No actuaron con la misma percepción los gobernantes de las décadas posteriores. Un famoso político duramente tratado como infiel, tránsfuga, desleal, ingrato, pérfido y felón: Casimiro Olañeta, cuando en 1856 ejerció la presidencia de la Corte Suprema, fue el primero en luchar arduamente para exigir a los poderes públicos respeto a la regla constitucional de independencia del Poder Judicial.
Fue infringida la regla que declaró vitalicios los cargos judiciales. Antes y después de ella, se quebrantaron todas las otras que fijaron plazos para la duración de esas funciones salvo sentencia ejecutoriada por comisión de delitos.
A lo largo del siglo XIX no hubo en el seno del Poder Legislativo predominio de una fracción política que elija por sí sola a los magistrados del Poder Judicial. Los políticos, sea en función de gobierno o en el llano, siempre consideraron esencial contar con el apoyo del ramo judicial, especialmente desde la segunda mitad del siglo XIX en que se otorgó a la Corte Suprema de Justicia la atribución de “conocer en única instancia de los asuntos de puro derecho cuya decisión depende de la constitucionalidad o inconstitucionalidad de las leyes, decretos o cualquier género de resoluciones”.
Además, percibieron al Poder Judicial como ámbito creado por la divina providencia para dar acomodo a partidarios suyos que, después del resultado de los actos electorales o de los golpes de Estado, exigen un espacio en el poder como premio por su participación en el triunfo.
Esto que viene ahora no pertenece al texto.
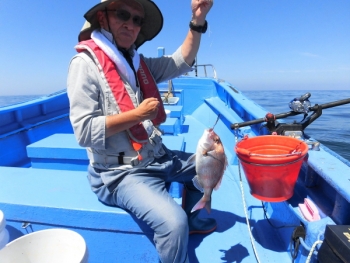 鯛紅丸 釣果
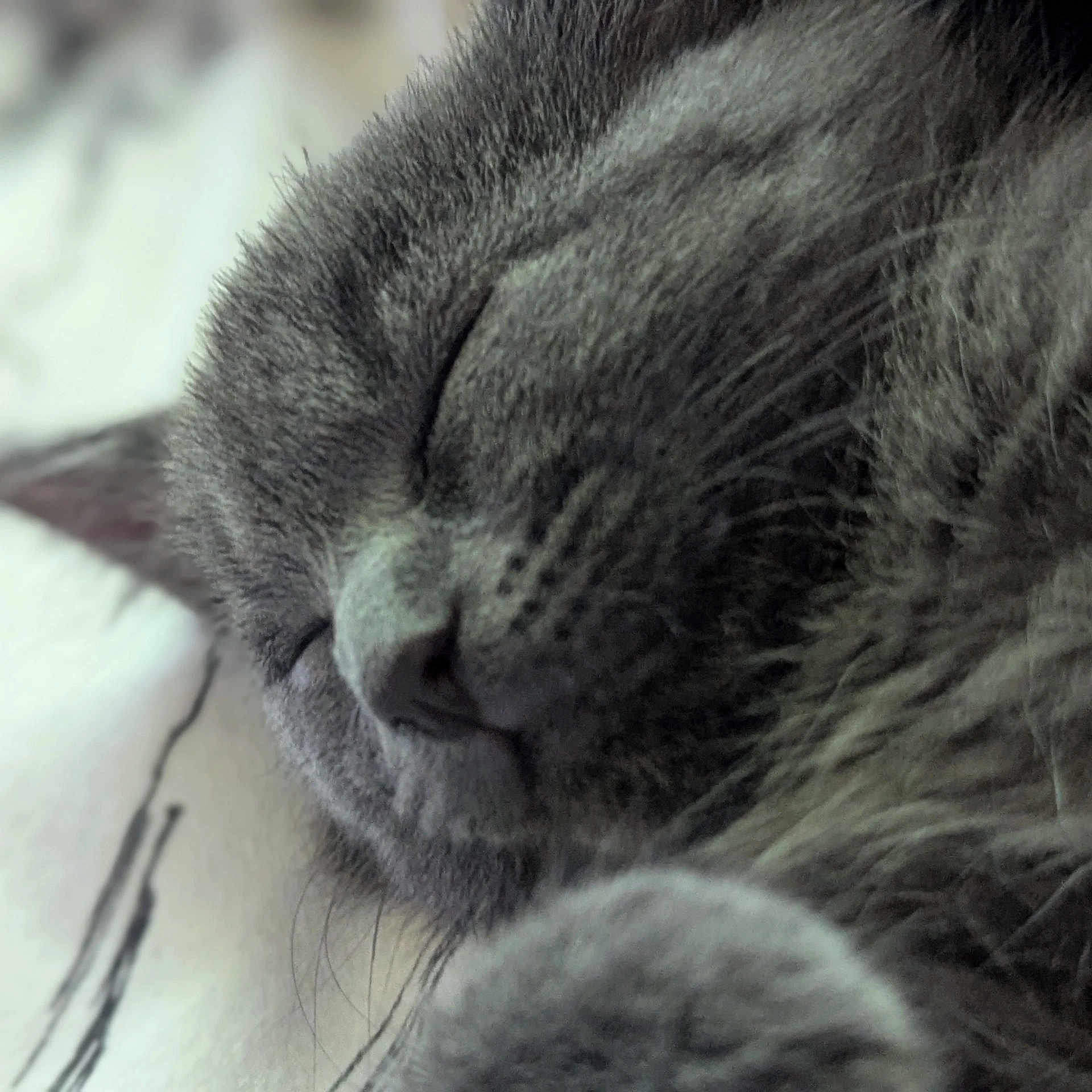Floki is registered to the contest to win money with this photo: cat, sleeping, close_up, gray_fur, whiskers, peaceful, animal, pet, fur, nose, face, resting, cozy, domestic_animal, cute, soft, indoor, mammal, relaxed, portrait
La principal preocupación de los magistrados del Poder Judicial en ese siglo tuvo origen en la participación de jueces en política militante. Así, en 1878, el presidente de la Corte Suprema, Basilio de Cuéllar, manifestó: “El espíritu de partido es incompatible con el espíritu de justicia”. En 1881, dijo Pantaleón Dalence: “Ejerza en hora buena el juez el derecho que también es deber de votar con la más amplia libertad, pero no desautorice a la judicatura con actos que bastan para despertar desconfianzas”.